While creating generators and putting yield statements, you will quickly run into very complex code. Code making use of yield may be hard to maintain. You will need a place to store the state of the generator. In the brute-force approach you just add local variables outside the main loop of your generator body.

For example, you could have something like:

let generator = gen!({
    let mut state = Some(0);
    loop {
        do_something();
        state.update();
        yield_!(state.method());
    }
});

When state becomes bigger, it is time to switch to another approach.

A more structured construction

The most straightforward alternative for async generatorss is to use the futures::stream::unfold function. This function stores the state explicitly in its first argument and updates it incrementally with a closure (returning a Future).

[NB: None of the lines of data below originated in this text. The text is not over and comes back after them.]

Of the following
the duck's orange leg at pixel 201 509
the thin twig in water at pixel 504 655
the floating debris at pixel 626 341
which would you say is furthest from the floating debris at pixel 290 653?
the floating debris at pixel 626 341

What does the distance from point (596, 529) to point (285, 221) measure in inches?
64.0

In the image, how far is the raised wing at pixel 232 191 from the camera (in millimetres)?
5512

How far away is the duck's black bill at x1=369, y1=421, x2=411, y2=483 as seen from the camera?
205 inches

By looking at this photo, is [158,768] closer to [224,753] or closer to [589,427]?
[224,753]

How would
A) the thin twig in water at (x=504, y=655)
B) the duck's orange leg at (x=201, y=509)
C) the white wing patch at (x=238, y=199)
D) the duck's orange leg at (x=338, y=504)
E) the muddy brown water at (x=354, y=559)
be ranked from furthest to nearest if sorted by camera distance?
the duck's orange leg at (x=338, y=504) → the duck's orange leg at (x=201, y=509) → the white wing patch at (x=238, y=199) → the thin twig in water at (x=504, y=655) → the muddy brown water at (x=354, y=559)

use futures::{stream, StreamExt};

let stream = stream::unfold(0, |state| async move {
    if state <= 2 {
        let next_state = state + 1;
        let yielded = state * 2;
        Some((yielded, next_state))
    } else {
        None
    }
});

let result = stream.collect::<Vec<i32>>().await;
assert_eq!(result, vec![0, 2, 4]);

A synchronous version of this (for normal Iterators) can be found in the crate itertools: itertools::unfold.

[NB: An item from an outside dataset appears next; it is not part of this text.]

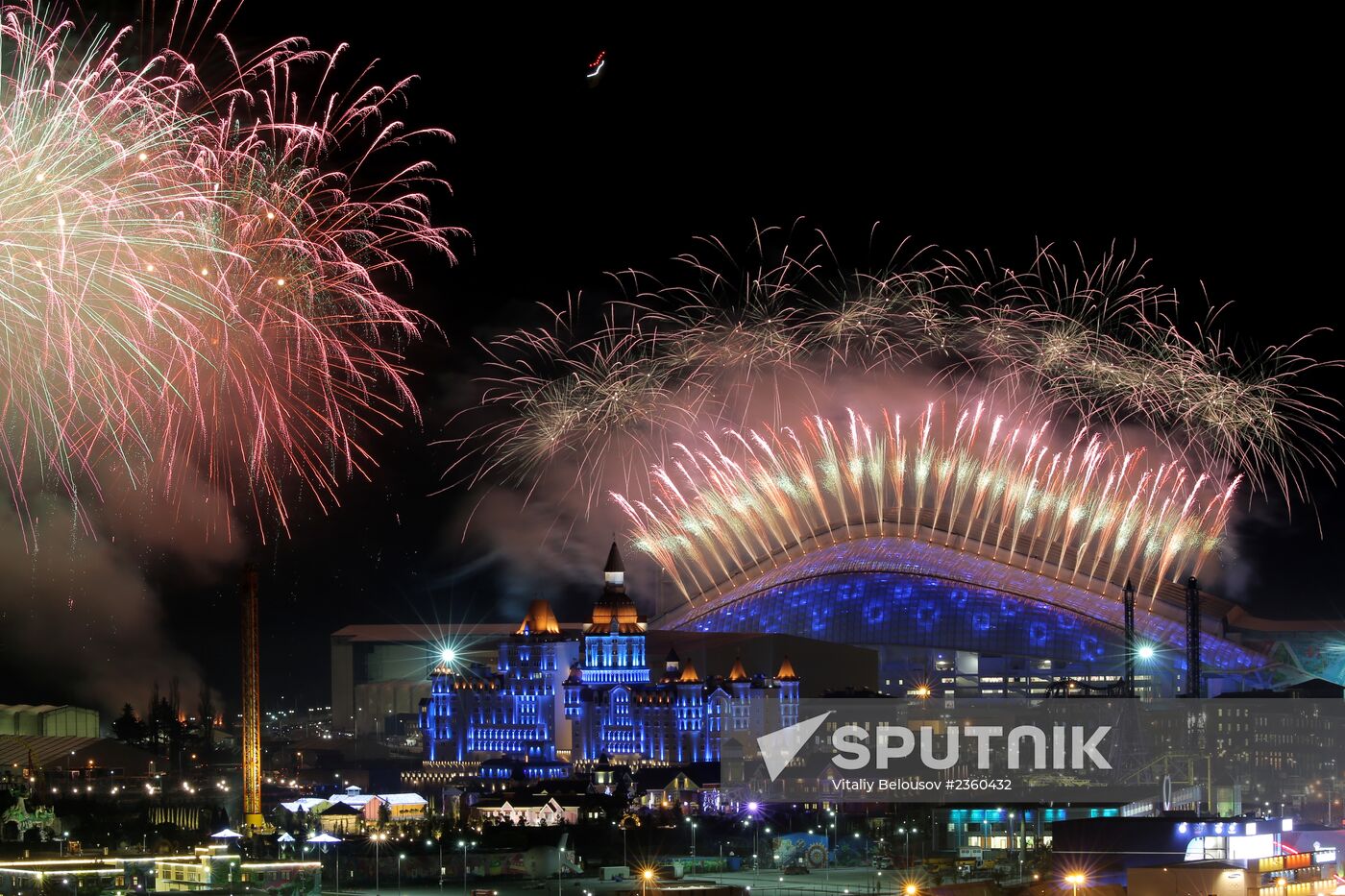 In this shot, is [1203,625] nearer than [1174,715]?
No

An example from the crate docs:

let mut fibonacci = unfold((1u32, 1u32), |(x1, x2)| {
    // Attempt to get the next Fibonacci number
    let next = x1.saturating_add(*x2);

    // Shift left: ret <- x1 <- x2 <- next
    let ret = *x1;
    *x1 = *x2;
    *x2 = next;

    // If addition has saturated at the maximum, we are finished
    if ret == *x1 && ret > 1 {
        None
    } else {
        Some(ret)
    }
});

itertools::assert_equal(fibonacci.by_ref().take(8),
                        vec![1, 1, 2, 3, 5, 8, 13, 21]);

Functional combinators

One problem with unfold is that less well-suited for scenarios in which you need to combine or split several streams/iterators, for example while making your own functional combinators. The constructor unfold seems to be most appropriate when you need to create iterators or streams from scratch.

Writing your own combinators gives you the tools to recombine streams in a more functional or declarative way. Have a look at the combinators defined in futures::stream to see what a common combinator implementation looks like.

Remark: See other posts about combinators for information on how to build your own declarative combinators such as custom variants on merge or flatten.